DOIs and the danger of data “quality”

I’ve just spent a moment looking at guidelines [PDF] from the UK’s National Environment Research Council (NERC) on how NERC funded research can obtain a persistent identifier through the DOI® system.

Just DOI it, just don't DOI it like that.

Just DOI it, just don’t DOI it like that.

NERC have a data sharing policy, and fund data centres for sharing and long-term data preservation. Like us here at GESIS, they have an interest in promoting stable persistent identifiers (in both cases Digital Object Identifier (DOI) names) that allow datasets to be cited as one would a publication. All well and all good.

I certainly have no issue with the advice they provide for researchers on obtaining a DOI name. Its good, clear, and concise. However, I’m going to expand on my reaction to one line in their guidance document. NERC state “by assigning a DOI the [Environmental Data Centre] are giving it a ‘data center stamp of approval’”. Effectively they see a DOI name (or by implication any other form of Persistent Uniform Resource Locator (PURL)) as a quality check-mark in addition to its role as a reference to an object.

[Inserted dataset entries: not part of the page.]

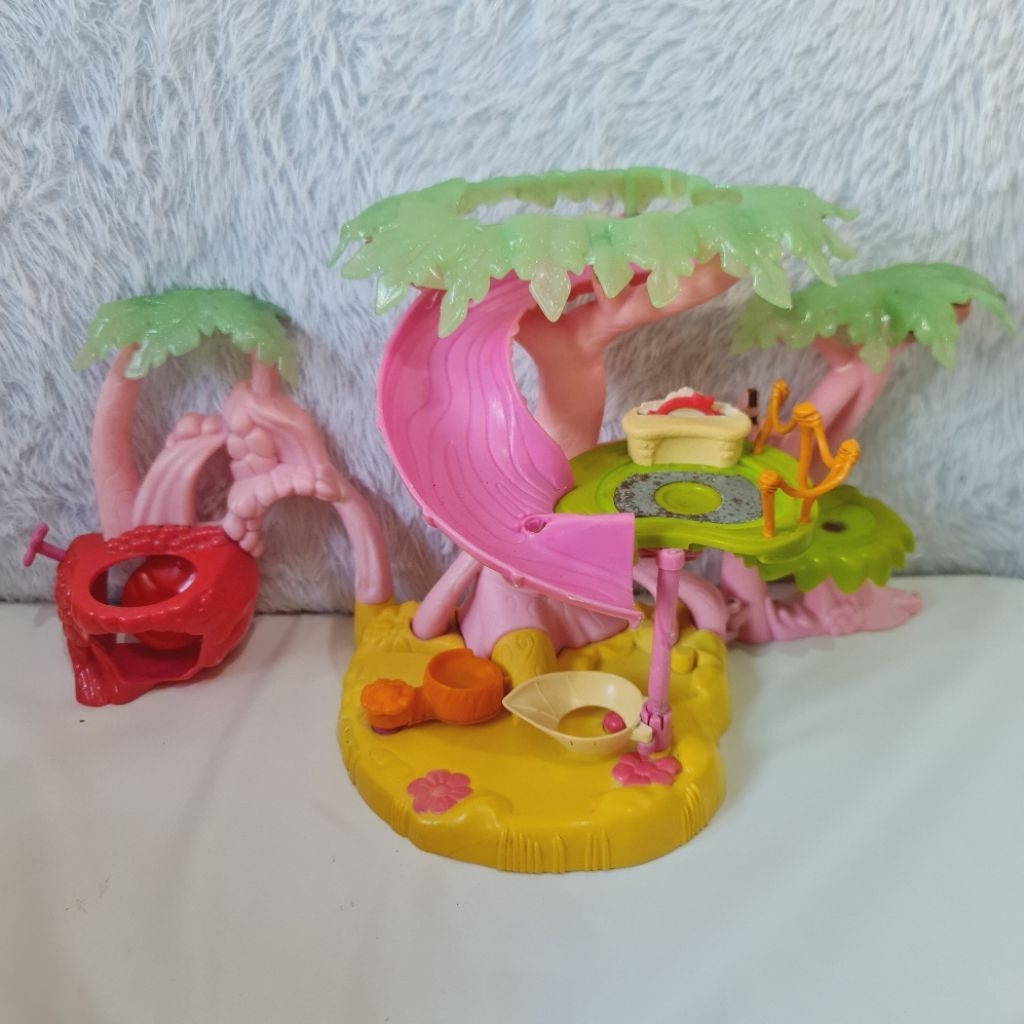 Diorama Rumah Pohon Brand Spin Master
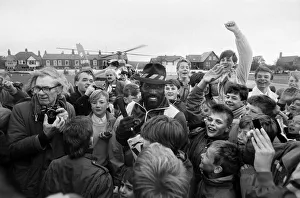 Images Dated 3rd May 1987: West Indies cricketer Richards at Riston County Cricket club where spent the 1987 season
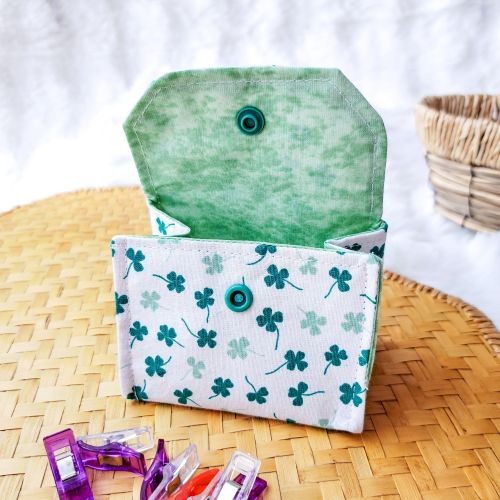 poubelle-à-fil-mini-pochon-trèfle-broderie-Angélique-La-fée-En-fil petit rangement de couture pliable pour fils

Except the DOI system isn’t designed to suggest the “quality goes in before the name goes on”. Just to remind myself, I quickly looked at the International DOI Foundation handbook and it doesn’t mention data quality. Identification, yes. Resolution, yes. Management, yes. Quality, no.

There is no standardized quality symbol for data themselves. Instead we have informal ones that act as proxies – not of concern to researchers themselves but do closely correlate to the contestable idea of “quality”. But remember, they remain proxies, not the variable of interest. For example, just because a data set is available from a social science data archive doesn’t mean it is any good. It means the archive think people will use it (or that we are contractually obliged to take it), it can be understood and isn’t just a set of numbers, doesn’t violate data protection laws or intellectual property rights, and doesn’t break our will or budget taking the data into our collection. So, if you order data from a data archive it is preserved and contextualized and probably good quality data, but it need not be good quality. Indeed, I suspect most archives have a data set or two that somehow ended up accepted into the collection as the result of an impenetrable act of madness or despair. Likewise receiving a DOI name might be a stamp of approval if minted by a NERC data center, but other assigners might not be so fussed about the quality of what’s getting DOIed. As this blog post reminds us, anything can be given a DOI, multiple times.

Now, archives are working towards establishing their own stamps of approval for digital preservation and archiving. The Data Seal of Approval, nestor Seal for Trustworthy Digital Archives, and ISO 16363 standards are recognized levels. Yet, these are explicit symbols of quality in digital preservation – showing an archive knows what to do, how to do it, and are doing it. Thus it indicates the quality of curation, not the quality of the data being curated. The best preserved and contextualized data set in the world could still be junk.

So should we as a community be moving towards quality symbols for data themselves? The risk of starting down that route is encountering a host of problems defining contestable notions of “quality”. Digital preservation is, after all, measurable in the sense something is both preserved and accessible or it isn’t. However, research data  is subject to all kinds of challenges as to its quality, even to the point of dismissing entire research approaches. I have no problem with NERC specifying their own concept of quality (which they effectively do), it’s just the use of DOI names as a tool to signify this. To that effect, we shouldn’t start using tools designed for one end to another.